We have a process which communicates with an external via MQ. The external system runs on a mainframe maching (IBM z/OS), while we run our process on a CentOS Linux platform. So far we never had any issues.
Recently we started receiving messages from them with non-printable EBCDIC characters embedded in the message. They use the characters as a compressed ID, 8 bytes long. When we receive it, it arrives on our queue encoded in UTF (CCSID 1208).
They need to original 8 bytes back in order to identify our response messages. I'm trying to find a solution in Java to convert the ID back from UTF to EBCDIC before sending the response.
I've been playing around with the JTOpen library, using the AS400Text class to do the conversion. Also, the counterparty has sent us a snapshot of the ID in bytes. However, when I compare the bytes after conversion, they are different from the original message.
Has anyone ever encountered this issue? Maybe I'm using the wrong code page?
Thanks for any input you may have.
Bytes from counterparty(Positions [5,14]):
00000 F0 40 D9 F0 F3 F0 CB 56--EF 80 04 C9 10 2E C4 D4 |0 R030.....I..DM|
Program output:
UTF String: [R030ôîÕ؜IDMDHP1027W 0510]
EBCDIC String: [R030ôîÃÃÂIDMDHP1027W 0510]
NATIVE CHARSET - HEX: [52303330C3B4C3AEC395C398C29C491006444D44485031303237572030353130]
CP500 CHARSET - HEX: [D9F0F3F066BE66AF663F663F623FC9102EC4D4C4C8D7F1F0F2F7E640F0F5F1F0]
Here is some sample code:
private void readAndPrint(MQMessage mqMessage) throws IOException {
mqMessage.seek(150);
byte[] subStringBytes = new byte[32];
mqMessage.readFully(subStringBytes);
String msgId = toHexString(mqMessage.messageId).toUpperCase();
System.out.println("----------------------------------------------------------------");
System.out.println("MESSAGE_ID: " + msgId);
String hexString = toHexString(subStringBytes).toUpperCase();
String subStr = new String(subStringBytes);
System.out.println("NATIVE CHARSET - HEX: [" + hexString + "] [" + subStr + "]");
// Transform to EBCDIC
int codePageNumber = 37;
String codePage = "CP037";
AS400Text converter = new AS400Text(subStr.length(), codePageNumber);
byte[] bytesData = converter.toBytes(subStr);
String resultedEbcdicText = new String(bytesData, codePage);
String hexStringEbcdic = toHexString(bytesData).toUpperCase();
System.out.println("CP500 CHARSET - HEX: [" + hexStringEbcdic + "] [" + resultedEbcdicText + "]");
System.out.println("----------------------------------------------------------------");
}

If a MQ message has varying sub-message fields that require different encodings, then that's how you should handle those messages, i.e., as separate message pieces.
But as you describe this, the entire message needs to be received without conversion. The first eight bytes need to be extracted and held separately. The remainder of the message can then have its encoding converted (unless other sub-fields also need to be extracted as binary, unconverted bytes).
For any return message, the opposite conversion must be done. The text portion of the message can be converted, and then that sub-string can have the original eight bytes prepended to it. The newly reconstructed message then can be sent back through the queue, again without automatic conversion.
Your partner on the other end is not using the messaging product correctly. (Of course, you probably shouldn't say that out loud.) There should be no part of such a message that cannot automatically survive intact across both directions. Instead of an 8-byte binary field, it should be represented as something more like a 16-byte hex representation of the 8-byte value for one example method. In hex, there'd be no conversion problem either way across the route.

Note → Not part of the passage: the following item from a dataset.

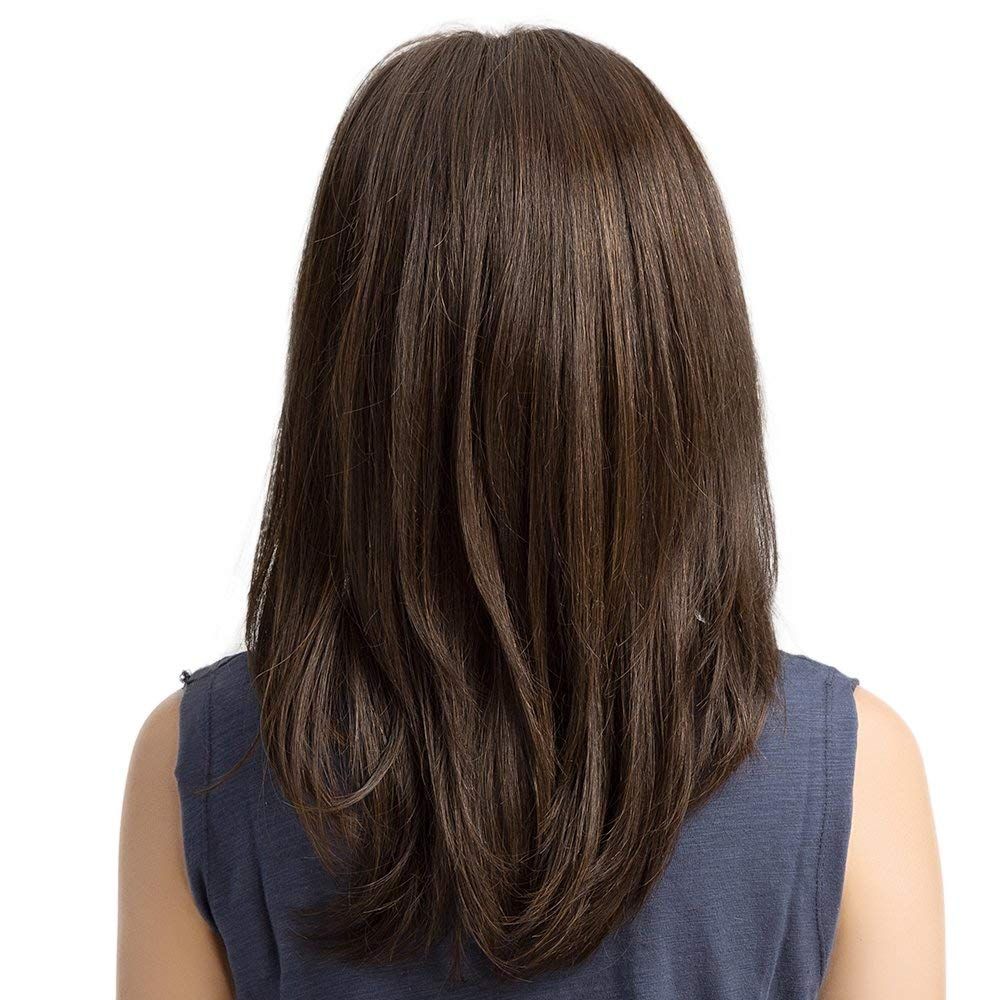 Brown Wigs Long Wavy Synthetic Wig Natural Curly Wigs for Women 20 Inch tangle-free, sheeding-free, natural, silky and soft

It seems to me that the special 8 bytes are not actually EBCDIC character but simply 8 bytes of data. If it is in such case then I believe, as mentioned by another answer, that you should handle that 8 bytes separately without allowing it convert to UTF8 and then back to EBCDIC for further processing.
Depending on the EBCDIC variant you are using, it is quite possible that a byte in EBCDIC is not converting to a meaningful UTF-8 character, and hence, you will fail to get the original byte by converting the UTF8 character to EBCDIC you received.
A brief search on Google give me several EBCDIC tables (e.g. http://www.simotime.com/asc2ebc1.htm#AscEbcTables). You can see there are lots of values in EBCDIC that do not have character assigned. Hence, when they are converted to UTF8, you may not assume each of them will convert to a distinct character in Unicode. Therefore your proposed way of processing is going to be very dangerous and error-prone.

Related

How to determine if a InputStream contains JSON data?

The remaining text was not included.